Nappen Law Firm Wins Appeal, NJ Police Chiefs Can’t Shrug Off Firearms Permit Process

On January 2, 2015, the New Jersey Appellate Division issued a decision finding that the Neptune Township Police and Monmouth County Superior Court erred because the chief failed to discuss the permit matter with the applicant before his denial and then failed to appear at the hearing to answer for his denial.

Instead, a lower-ranked police detective handled the matter on the Chief’s behalf, and the Trial Court found that satisfactory.

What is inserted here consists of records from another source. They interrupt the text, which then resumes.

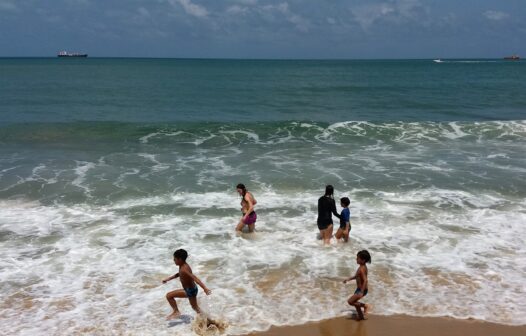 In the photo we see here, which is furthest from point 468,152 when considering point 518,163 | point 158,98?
point 158,98

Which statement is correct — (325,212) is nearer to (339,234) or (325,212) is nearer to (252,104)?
(339,234)

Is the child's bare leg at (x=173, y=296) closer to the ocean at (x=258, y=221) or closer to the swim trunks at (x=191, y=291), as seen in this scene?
the swim trunks at (x=191, y=291)

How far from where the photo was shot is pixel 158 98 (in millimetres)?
40094

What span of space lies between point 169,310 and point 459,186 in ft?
36.5

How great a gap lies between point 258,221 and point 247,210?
3.49 ft

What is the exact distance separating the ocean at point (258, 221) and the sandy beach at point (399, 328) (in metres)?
0.23

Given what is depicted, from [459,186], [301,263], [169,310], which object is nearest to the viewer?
[169,310]

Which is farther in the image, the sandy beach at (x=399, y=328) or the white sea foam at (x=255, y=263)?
the white sea foam at (x=255, y=263)

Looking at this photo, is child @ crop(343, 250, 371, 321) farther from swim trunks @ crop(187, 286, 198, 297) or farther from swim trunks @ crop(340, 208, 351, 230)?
swim trunks @ crop(340, 208, 351, 230)

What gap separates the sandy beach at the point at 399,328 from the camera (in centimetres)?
743

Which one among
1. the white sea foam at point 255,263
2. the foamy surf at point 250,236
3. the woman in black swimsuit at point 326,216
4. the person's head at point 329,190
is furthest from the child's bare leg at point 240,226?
the person's head at point 329,190

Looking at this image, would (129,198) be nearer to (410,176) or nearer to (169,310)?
(169,310)

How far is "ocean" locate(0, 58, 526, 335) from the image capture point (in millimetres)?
8367

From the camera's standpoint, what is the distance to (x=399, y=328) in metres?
7.54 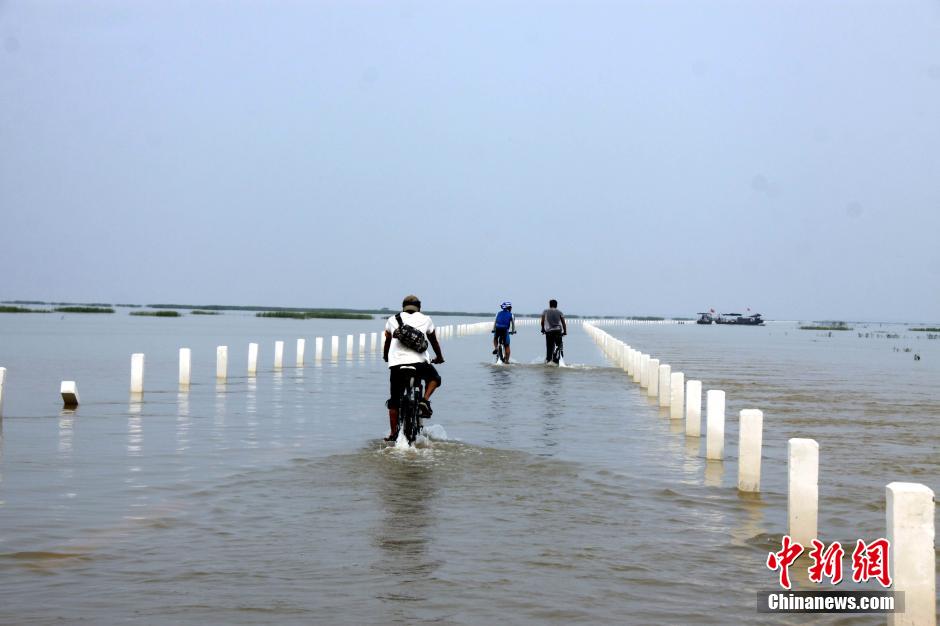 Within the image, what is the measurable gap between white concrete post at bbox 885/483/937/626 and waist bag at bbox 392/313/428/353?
318 inches

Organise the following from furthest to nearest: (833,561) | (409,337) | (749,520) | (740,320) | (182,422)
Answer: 1. (740,320)
2. (182,422)
3. (409,337)
4. (749,520)
5. (833,561)

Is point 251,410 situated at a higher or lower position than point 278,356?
lower

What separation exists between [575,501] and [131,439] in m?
7.48

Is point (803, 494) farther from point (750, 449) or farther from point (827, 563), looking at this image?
point (750, 449)

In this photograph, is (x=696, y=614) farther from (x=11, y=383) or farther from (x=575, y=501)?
(x=11, y=383)

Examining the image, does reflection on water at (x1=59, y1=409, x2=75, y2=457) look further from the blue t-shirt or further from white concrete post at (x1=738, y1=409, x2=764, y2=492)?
the blue t-shirt

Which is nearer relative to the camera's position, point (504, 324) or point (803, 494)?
point (803, 494)

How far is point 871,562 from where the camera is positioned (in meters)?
8.91

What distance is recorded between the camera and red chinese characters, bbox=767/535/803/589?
8.61 m

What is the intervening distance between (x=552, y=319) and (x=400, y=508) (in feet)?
80.1

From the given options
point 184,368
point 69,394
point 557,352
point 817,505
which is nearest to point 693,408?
point 817,505

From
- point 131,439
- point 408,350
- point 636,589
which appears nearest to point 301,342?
point 131,439

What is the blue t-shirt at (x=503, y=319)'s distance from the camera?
121ft

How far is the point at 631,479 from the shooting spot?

While the decision in IMO Application of Rohani (App. Div. Docket No. A-6249-12T4) is not binding on other courts, it sends a clear message that the practice of police chiefs failing to perform their duties when it comes to firearm permit applications – and Courts failing to recognize that responsibility – will likely result in a reversal on appeal.

The Appellate Court found, “The [Trial] Court left some room for a chief not to testify, by stating that it was ‘ordinarily’ required. However, the clear implication is that the chief’s non-appearance should be the exception, which would need to be supported by good cause shown.”

This marks at least the second time within the last year that Neptune Township and the Monmouth County permit judge have been reversed and remanded by the Appellate Division for basing decisions with inadequate interaction by the police. See, IMO Application of Paul Robinson. (App. Div. Docket No. A-4526-12T4).